A Dual-mode platform for the rapid detection of Escherichia coli O157:H7 based on CRISPR/Cas12a and RPA.

Abstract

Escherichia coli O157:H7 (E. coli O157:H7) is a foodborne pathogenic microorganism that is commonly found in the environment and poses a significant threat to human health, public safety, and economic stability worldwide. Thus, early detection is essential for E. coli O157:H7 control. In recent years, a series of E. coli O157:H7 detection methods have been developed, but the sensitivity and portability of the methods still need improvement.
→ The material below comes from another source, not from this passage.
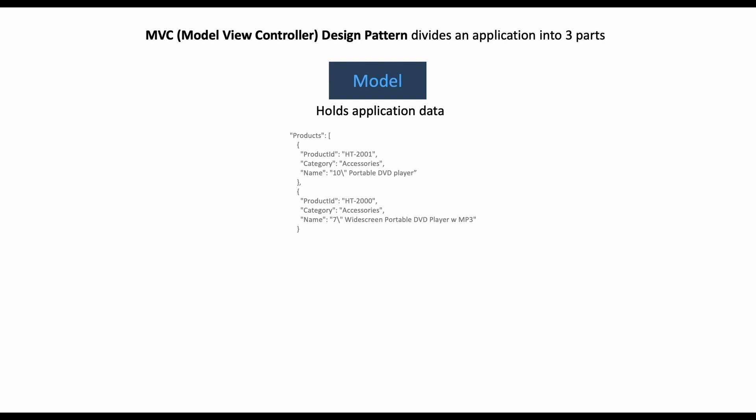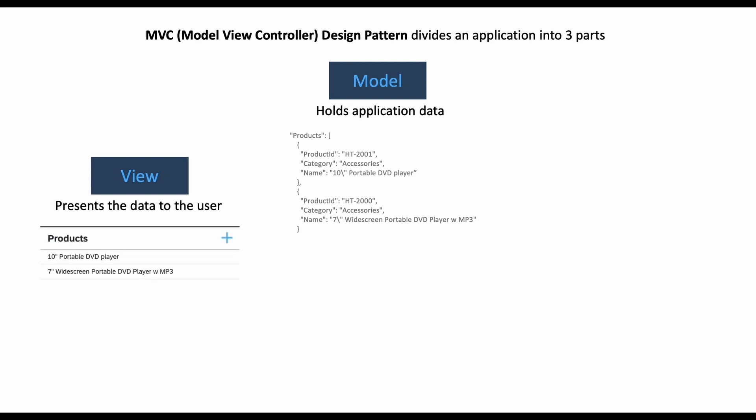And the next part is the View, which presents our data to the user. For example, we can show a list of our products which is held inside our model like this.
Therefore, in this study, a rapid and efficient testing platform based on theCRISPR/Cas12a cleavage reaction was constructed. Through the integration of recombinant polymerase amplification and lateral flow chromatography, we established a dual-interpretation-mode detection platform based on CRISPR/Cas12a-derived fluorescence and lateral flow chromatography for the detection of E. coli O157:H7. For the fluorescence detection method, the limits of detection (LODs) of genomic DNA and E. coli O157:H7 were 1.8fg/µL and 2.4CFU/mL, respectively, within 40min. Conversely, for the lateral flow detection method, LODs of 1.8fg/µL and 2.4 × 102CFU/mL were achieved for genomic DNA and E. coli O157:H7, respectively, within 45min. This detection strategy offered higher sensitivity and lower equipment requirements than industry standards. In conclusion, the established platform showed excellent specificity and strong universality. Modifying the target gene and its primers can broaden the platform's applicability to detect various other foodborne pathogens.